I love kids.  The thing is, they don’t mind if you are awkward.  They are generally very accepting.  They go with the flow and aren’t judging you.  Kids love to joke, so you can always say something that will get them going and open them up. 

Post # 13
Member
1856 posts
Buzzing bee
  • Wedding: March 2013

It is totally different with your own.

While I *love* babies (soooo bad), I really don’t like kids. In fact, I usually *hate* other people’s children, although it may be more related to their parenting… I don’t like talking to them, playing with them, being around them; I find them irritating. Sometimes I even find my own child irritating. But I’ve raised my child to be a pretty great little human being, so I find her pretty tolerable 99% of the time, and we very much want another kid.

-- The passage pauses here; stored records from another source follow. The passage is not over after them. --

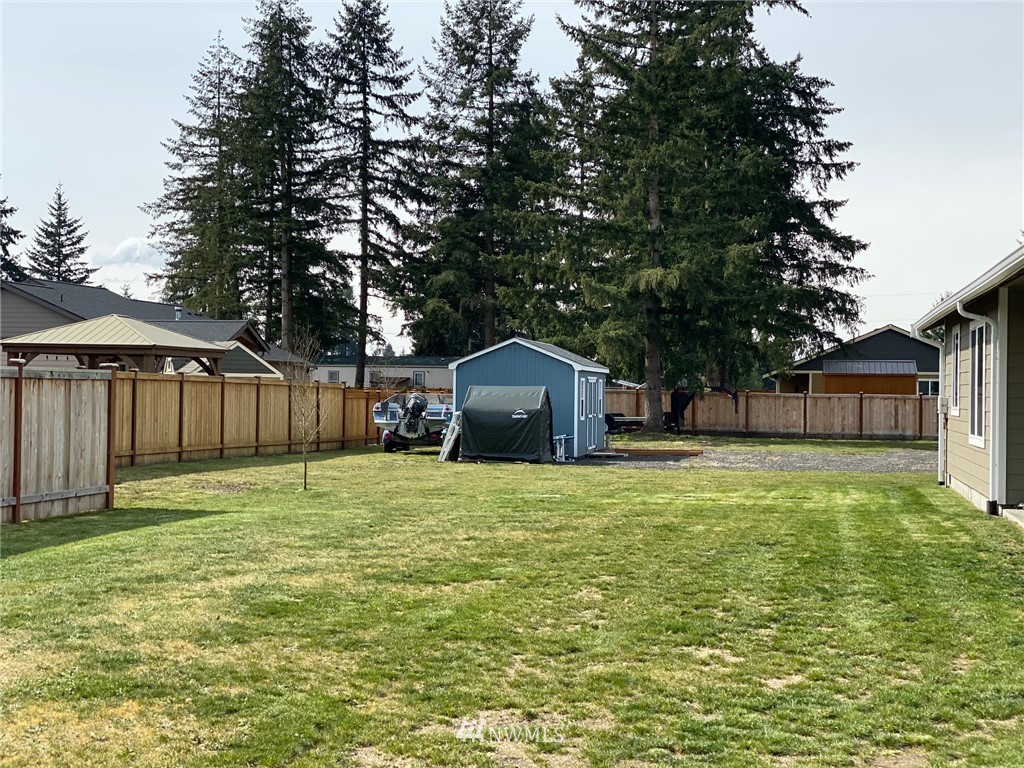 9235 179th Trail Southwest Rochester, WA 98579 - Photo 35 of 38 a house with a yard in front of it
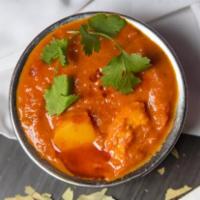 C8. Vindaloo Curry · A fiery affair and potatoes. Served with basmati rice. Gluten-free. Spicy.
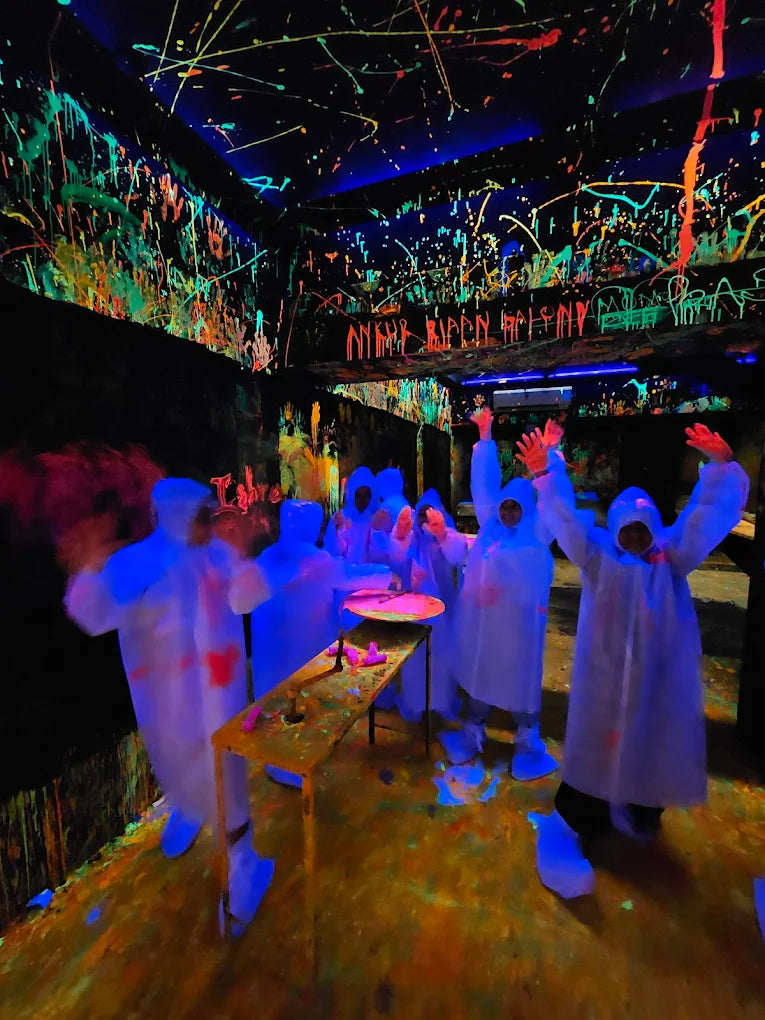 People in protective suits in a dark room splattered with neon paint, with some raising their hands in excitement.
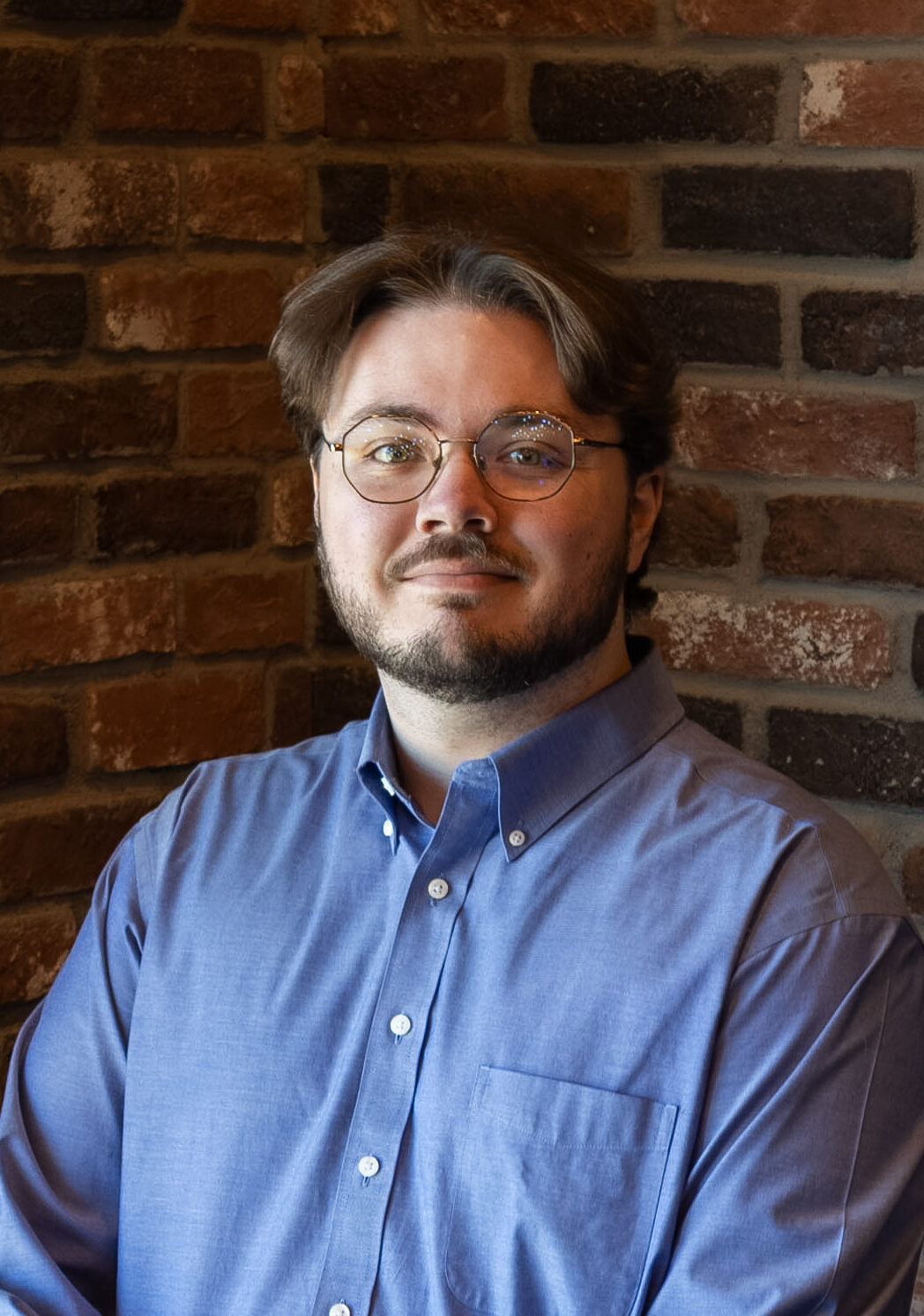 A headshot photo of associate estate planning attorney, Blake McDonald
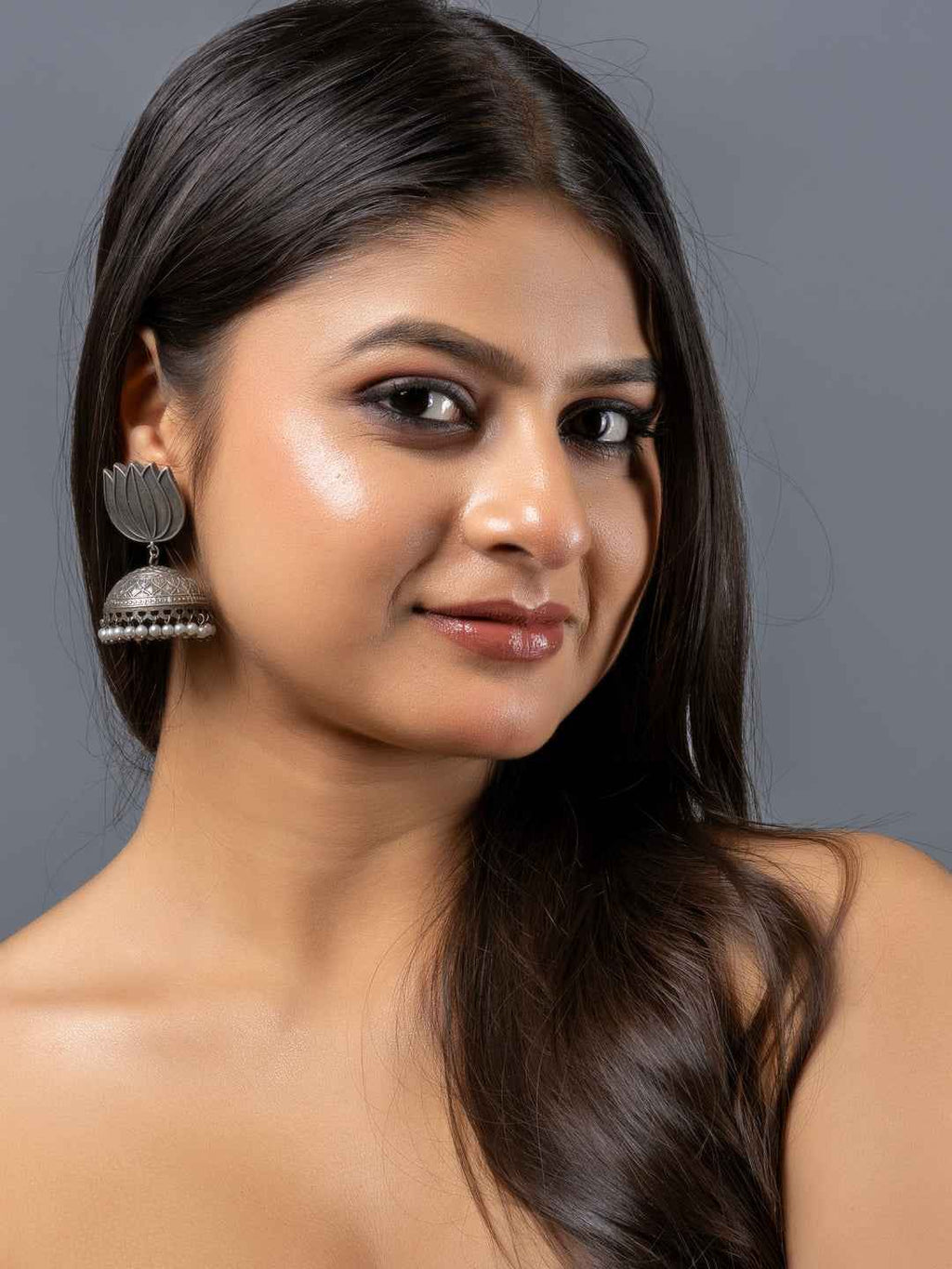 Oxidised earrings in silver with elegant lotus design and traditional style perfect for ethnic wear
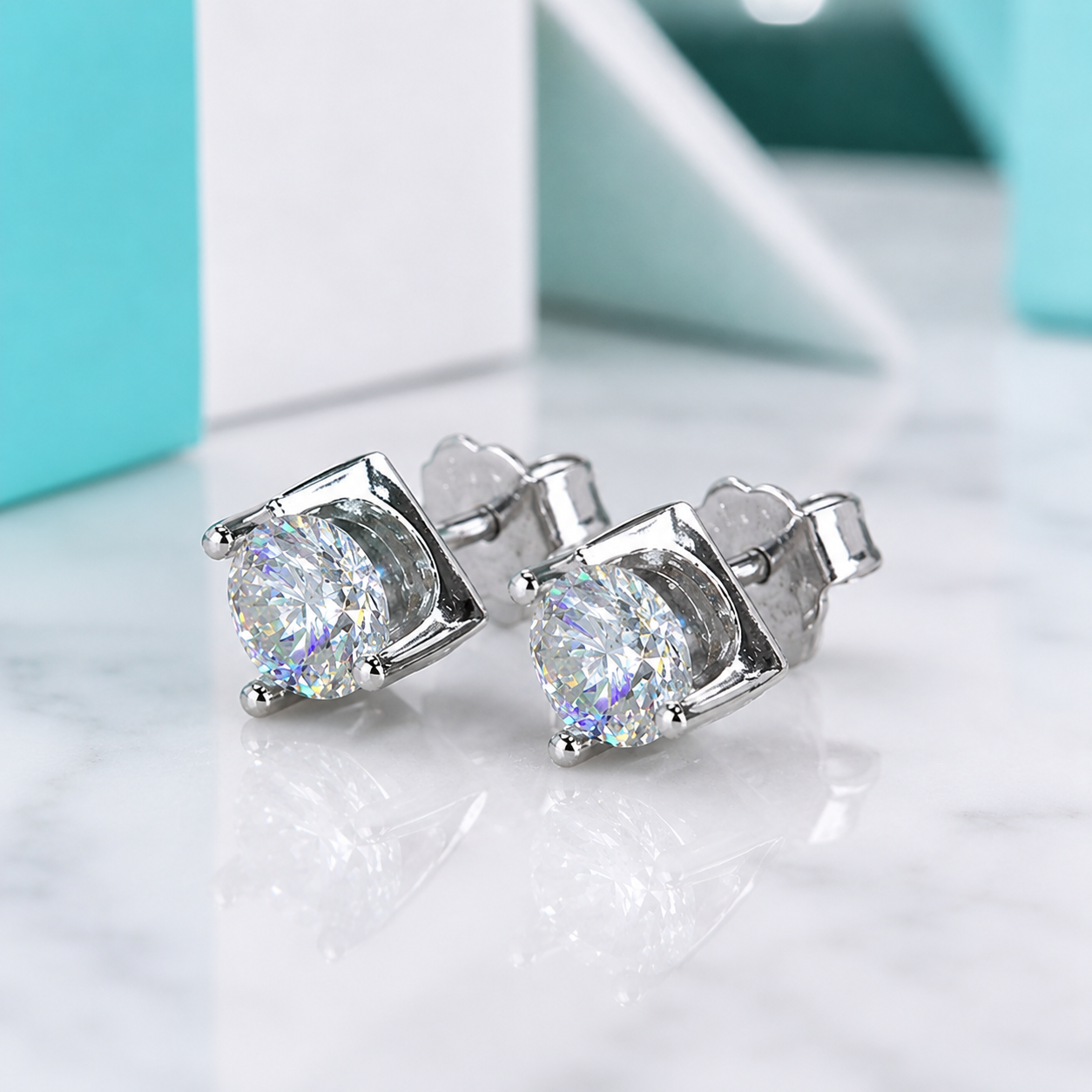 A pair of silver stud earrings with large round clear gemstones, displayed on a white marble surface with a blurred turquoise and white background.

Your awkward exchange is pretty funny – most kids are really awkward being introduced to their parents’ friends/colleagues.

Post # 14
Member
1459 posts
Bumble bee
  • Wedding: July 2017 - Bristol zoo

Oooh children terrify me XD When they’re older I just don’t know what to say and want to hide (helping out mother doing school stuff). But then when they’re babies I’m convinced they’re breaking when I hold them.

 

It probably would be different with your own child, partly because you grow up with them (I’m certainly hoping that I’ll grow out of my baby crushing fear).

Post # 15
Member
595 posts
Busy bee
  • Wedding: January 2012

I feel you here.

I actually quite like children and over the past few years was surprised to learn that I enjoy working with babies and toddlers as well as elementary school aged kids and teens. But I feel like I’m super awkward around kids. Like you, I never seem to know what to say.

I’ll ask them about school, what they did over the weekend, a book they have recently read, etc. but I’m never sure if I’m coming off as patronizing or out-of-touch.

Case in Point: I tried to get a conversation started with a middle schooler the other day and the first question I asked them was “How was school today?” I mean, really? That’s the best I could come up with?

My hope is that if we continue to interact with children we will get better at it. Honestly, sometimes when I’m at “grown-up” parties I would rather hang out with the adults’ kids rather than the adults b/c successful adults can be scary! 🙂

Post # 16
Member
8472 posts
Bumble Beekeeper
  • Wedding: July 2012

I don’t really think so.  I don’t enjoy playing with kids or playing kiddie games.  However, I am a teacher and have been told I’m the “best teacher ever.” lol… (I always tell them they’ll have a new favorite every year.)

I think I am good with talking to kids, which is why I went to grad school to change from being a teacher to a guidance counselor. 

My husband’s neices & nephews love me though, so I guess that’s a good thing.